What the task asks:
Copy each line of the records below, from the first through the one that contains "Sport quad bike icons", exactly as written.

Caption-style text data
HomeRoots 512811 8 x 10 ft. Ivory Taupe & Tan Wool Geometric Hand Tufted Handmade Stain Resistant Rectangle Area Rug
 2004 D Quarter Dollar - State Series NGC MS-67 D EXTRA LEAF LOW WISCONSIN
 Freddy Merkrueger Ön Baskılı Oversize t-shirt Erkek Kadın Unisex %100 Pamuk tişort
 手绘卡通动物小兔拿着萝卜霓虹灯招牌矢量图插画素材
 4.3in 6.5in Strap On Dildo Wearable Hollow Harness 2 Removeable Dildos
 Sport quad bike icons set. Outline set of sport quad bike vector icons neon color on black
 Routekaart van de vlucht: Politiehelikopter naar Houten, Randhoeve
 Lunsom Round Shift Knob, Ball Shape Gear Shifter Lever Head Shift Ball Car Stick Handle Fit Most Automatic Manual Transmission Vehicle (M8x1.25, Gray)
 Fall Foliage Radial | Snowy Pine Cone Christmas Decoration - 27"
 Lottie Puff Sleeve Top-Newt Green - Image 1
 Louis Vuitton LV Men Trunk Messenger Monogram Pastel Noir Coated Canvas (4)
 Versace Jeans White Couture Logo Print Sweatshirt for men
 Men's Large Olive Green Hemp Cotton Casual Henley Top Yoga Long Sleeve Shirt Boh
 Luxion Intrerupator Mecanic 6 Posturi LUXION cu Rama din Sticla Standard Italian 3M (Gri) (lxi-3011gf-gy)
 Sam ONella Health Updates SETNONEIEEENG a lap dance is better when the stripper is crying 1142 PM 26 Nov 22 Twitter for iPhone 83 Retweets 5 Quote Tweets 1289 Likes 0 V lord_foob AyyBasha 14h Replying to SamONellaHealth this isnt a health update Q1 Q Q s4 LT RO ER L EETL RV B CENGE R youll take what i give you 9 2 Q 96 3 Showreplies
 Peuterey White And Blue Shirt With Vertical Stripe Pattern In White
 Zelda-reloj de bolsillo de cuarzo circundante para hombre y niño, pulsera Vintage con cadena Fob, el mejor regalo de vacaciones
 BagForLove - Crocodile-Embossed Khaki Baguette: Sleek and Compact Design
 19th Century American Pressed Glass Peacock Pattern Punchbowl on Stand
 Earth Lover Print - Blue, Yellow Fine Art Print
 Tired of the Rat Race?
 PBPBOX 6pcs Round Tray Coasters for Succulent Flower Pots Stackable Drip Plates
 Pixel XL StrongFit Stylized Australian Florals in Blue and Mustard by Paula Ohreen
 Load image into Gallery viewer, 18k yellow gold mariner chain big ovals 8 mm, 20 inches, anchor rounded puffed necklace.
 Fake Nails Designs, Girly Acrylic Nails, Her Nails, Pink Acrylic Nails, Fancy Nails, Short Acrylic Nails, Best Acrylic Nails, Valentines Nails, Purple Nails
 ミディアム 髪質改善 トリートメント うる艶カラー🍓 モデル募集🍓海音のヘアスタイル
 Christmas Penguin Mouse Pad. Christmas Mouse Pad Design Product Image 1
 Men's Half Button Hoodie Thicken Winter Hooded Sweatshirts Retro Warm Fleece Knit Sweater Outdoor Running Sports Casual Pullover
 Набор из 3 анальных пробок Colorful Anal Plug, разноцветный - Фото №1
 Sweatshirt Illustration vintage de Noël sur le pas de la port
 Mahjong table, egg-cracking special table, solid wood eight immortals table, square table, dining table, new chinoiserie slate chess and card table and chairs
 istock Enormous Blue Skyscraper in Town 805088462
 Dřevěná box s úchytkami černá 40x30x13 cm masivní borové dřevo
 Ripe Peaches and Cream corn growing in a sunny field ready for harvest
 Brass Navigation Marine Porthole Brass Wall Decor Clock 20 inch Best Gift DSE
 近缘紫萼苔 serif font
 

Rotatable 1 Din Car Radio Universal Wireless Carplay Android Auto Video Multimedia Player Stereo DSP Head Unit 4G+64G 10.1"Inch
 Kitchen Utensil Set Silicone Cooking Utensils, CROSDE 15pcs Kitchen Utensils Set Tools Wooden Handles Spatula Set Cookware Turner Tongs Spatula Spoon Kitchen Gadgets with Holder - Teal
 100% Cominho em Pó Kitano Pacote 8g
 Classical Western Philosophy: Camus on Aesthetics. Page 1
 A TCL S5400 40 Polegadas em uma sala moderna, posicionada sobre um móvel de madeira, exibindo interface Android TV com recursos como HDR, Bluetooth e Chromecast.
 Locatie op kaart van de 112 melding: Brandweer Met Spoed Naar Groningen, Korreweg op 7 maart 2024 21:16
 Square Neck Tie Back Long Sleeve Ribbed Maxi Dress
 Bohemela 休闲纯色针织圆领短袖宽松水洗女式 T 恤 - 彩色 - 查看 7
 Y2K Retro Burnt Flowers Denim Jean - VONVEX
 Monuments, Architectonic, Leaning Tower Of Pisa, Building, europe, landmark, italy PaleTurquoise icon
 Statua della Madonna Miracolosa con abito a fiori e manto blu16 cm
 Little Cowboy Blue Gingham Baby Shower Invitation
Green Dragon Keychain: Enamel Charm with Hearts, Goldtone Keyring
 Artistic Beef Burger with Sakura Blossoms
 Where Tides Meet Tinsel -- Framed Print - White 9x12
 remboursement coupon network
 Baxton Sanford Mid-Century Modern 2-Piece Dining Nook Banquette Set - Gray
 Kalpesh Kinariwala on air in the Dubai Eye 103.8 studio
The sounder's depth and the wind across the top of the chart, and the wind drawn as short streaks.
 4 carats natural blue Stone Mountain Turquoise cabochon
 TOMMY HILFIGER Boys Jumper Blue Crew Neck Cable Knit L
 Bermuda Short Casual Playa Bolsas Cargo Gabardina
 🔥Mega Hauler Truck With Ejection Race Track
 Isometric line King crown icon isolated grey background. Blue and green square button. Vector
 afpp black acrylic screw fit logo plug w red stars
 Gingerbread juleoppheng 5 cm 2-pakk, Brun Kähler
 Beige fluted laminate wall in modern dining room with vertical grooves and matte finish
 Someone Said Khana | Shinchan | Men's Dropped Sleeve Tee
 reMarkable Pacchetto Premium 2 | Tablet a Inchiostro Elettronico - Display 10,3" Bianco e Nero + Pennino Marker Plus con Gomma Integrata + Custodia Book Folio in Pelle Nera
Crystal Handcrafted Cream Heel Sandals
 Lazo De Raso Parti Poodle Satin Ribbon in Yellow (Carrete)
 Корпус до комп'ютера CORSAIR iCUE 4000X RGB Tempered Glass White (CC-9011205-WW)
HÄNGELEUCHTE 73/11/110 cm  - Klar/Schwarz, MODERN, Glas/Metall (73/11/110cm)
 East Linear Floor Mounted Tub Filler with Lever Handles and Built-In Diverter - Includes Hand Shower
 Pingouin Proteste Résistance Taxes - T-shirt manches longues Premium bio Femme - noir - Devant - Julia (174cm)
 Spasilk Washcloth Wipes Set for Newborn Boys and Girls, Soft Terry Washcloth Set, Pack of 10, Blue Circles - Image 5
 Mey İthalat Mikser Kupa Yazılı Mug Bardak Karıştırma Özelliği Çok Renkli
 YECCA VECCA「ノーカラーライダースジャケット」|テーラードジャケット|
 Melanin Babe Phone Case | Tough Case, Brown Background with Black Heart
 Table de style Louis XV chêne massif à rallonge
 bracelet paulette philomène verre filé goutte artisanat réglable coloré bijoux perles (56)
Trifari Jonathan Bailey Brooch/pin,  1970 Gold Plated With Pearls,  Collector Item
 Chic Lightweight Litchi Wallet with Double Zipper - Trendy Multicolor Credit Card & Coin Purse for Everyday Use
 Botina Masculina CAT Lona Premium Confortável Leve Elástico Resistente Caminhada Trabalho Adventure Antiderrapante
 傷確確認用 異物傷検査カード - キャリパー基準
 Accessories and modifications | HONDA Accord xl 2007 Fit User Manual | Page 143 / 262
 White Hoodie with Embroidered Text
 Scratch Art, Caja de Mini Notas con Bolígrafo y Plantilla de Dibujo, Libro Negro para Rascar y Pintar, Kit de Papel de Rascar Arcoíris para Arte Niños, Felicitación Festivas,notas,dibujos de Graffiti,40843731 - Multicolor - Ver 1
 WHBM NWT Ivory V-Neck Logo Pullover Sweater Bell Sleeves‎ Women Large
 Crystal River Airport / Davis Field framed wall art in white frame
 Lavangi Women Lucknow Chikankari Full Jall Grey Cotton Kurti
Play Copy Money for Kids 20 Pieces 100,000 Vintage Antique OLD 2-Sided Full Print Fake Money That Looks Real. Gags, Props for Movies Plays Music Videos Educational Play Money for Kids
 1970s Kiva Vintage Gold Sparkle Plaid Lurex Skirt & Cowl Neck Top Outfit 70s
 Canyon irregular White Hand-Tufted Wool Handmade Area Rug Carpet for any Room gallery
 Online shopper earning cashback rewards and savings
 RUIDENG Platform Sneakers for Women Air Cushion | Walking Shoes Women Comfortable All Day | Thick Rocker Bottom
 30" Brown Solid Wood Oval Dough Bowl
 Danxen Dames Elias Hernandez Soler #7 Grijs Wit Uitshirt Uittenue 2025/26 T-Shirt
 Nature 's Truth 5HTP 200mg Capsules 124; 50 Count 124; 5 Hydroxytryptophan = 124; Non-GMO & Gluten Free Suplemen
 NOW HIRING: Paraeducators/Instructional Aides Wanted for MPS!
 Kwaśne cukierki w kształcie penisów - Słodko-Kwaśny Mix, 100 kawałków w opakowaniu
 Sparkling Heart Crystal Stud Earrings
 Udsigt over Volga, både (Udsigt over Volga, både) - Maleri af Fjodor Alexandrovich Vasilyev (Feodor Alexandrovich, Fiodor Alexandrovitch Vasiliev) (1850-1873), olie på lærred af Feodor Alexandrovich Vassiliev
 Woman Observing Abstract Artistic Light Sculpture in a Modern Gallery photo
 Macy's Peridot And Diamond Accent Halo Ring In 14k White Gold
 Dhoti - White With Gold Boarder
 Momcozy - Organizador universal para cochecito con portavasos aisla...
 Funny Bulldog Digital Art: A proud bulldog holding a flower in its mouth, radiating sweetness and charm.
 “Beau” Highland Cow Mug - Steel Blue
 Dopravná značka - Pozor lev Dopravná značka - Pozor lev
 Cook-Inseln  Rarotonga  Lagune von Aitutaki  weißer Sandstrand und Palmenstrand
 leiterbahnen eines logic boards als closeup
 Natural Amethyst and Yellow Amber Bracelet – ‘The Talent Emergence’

Your response:
HomeRoots 512811 8 x 10 ft. Ivory Taupe & Tan Wool Geometric Hand Tufted Handmade Stain Resistant Rectangle Area Rug
 2004 D Quarter Dollar - State Series NGC MS-67 D EXTRA LEAF LOW WISCONSIN
 Freddy Merkrueger Ön Baskılı Oversize t-shirt Erkek Kadın Unisex %100 Pamuk tişort
 手绘卡通动物小兔拿着萝卜霓虹灯招牌矢量图插画素材
 4.3in 6.5in Strap On Dildo Wearable Hollow Harness 2 Removeable Dildos
 Sport quad bike icons set. Outline set of sport quad bike vector icons neon color on black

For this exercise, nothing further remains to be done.